SUPPLIED RECORDS:
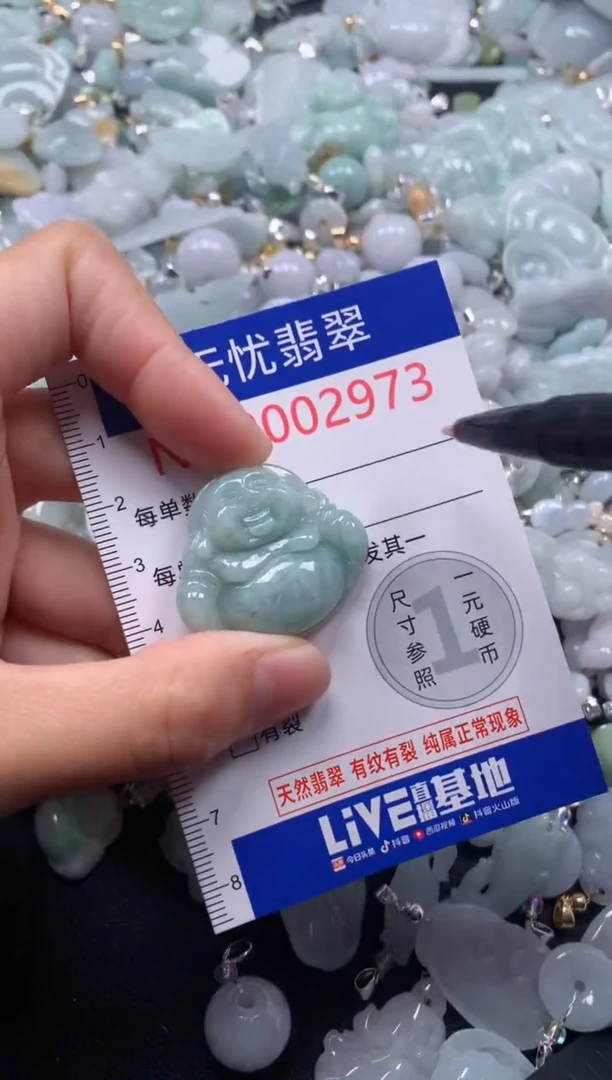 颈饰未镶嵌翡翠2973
==
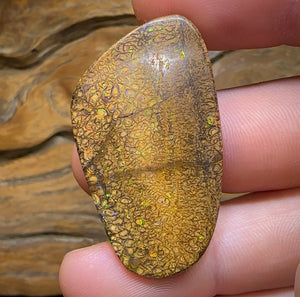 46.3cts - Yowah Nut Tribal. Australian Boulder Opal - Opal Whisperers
==
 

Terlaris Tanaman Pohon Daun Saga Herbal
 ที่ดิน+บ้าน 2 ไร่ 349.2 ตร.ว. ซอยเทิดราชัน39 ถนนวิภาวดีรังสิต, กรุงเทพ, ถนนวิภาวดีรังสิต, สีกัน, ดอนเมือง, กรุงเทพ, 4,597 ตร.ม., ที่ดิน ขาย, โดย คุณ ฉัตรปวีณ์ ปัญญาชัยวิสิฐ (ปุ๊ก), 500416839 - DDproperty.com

TASK DIRECTIONS: Taking the entries above, write out exactly the lines starting with the line containing "Terlaris Tanaman Pohon Daun Saga Herbal" and going on through the line containing "ที่ดิน+บ้าน 2 ไร่", both included, and nothing else.

PROBLEM SOLUTION:
Terlaris Tanaman Pohon Daun Saga Herbal
 ที่ดิน+บ้าน 2 ไร่ 349.2 ตร.ว. ซอยเทิดราชัน39 ถนนวิภาวดีรังสิต, กรุงเทพ, ถนนวิภาวดีรังสิต, สีกัน, ดอนเมือง, กรุงเทพ, 4,597 ตร.ม., ที่ดิน ขาย, โดย คุณ ฉัตรปวีณ์ ปัญญาชัยวิสิฐ (ปุ๊ก), 500416839 - DDproperty.com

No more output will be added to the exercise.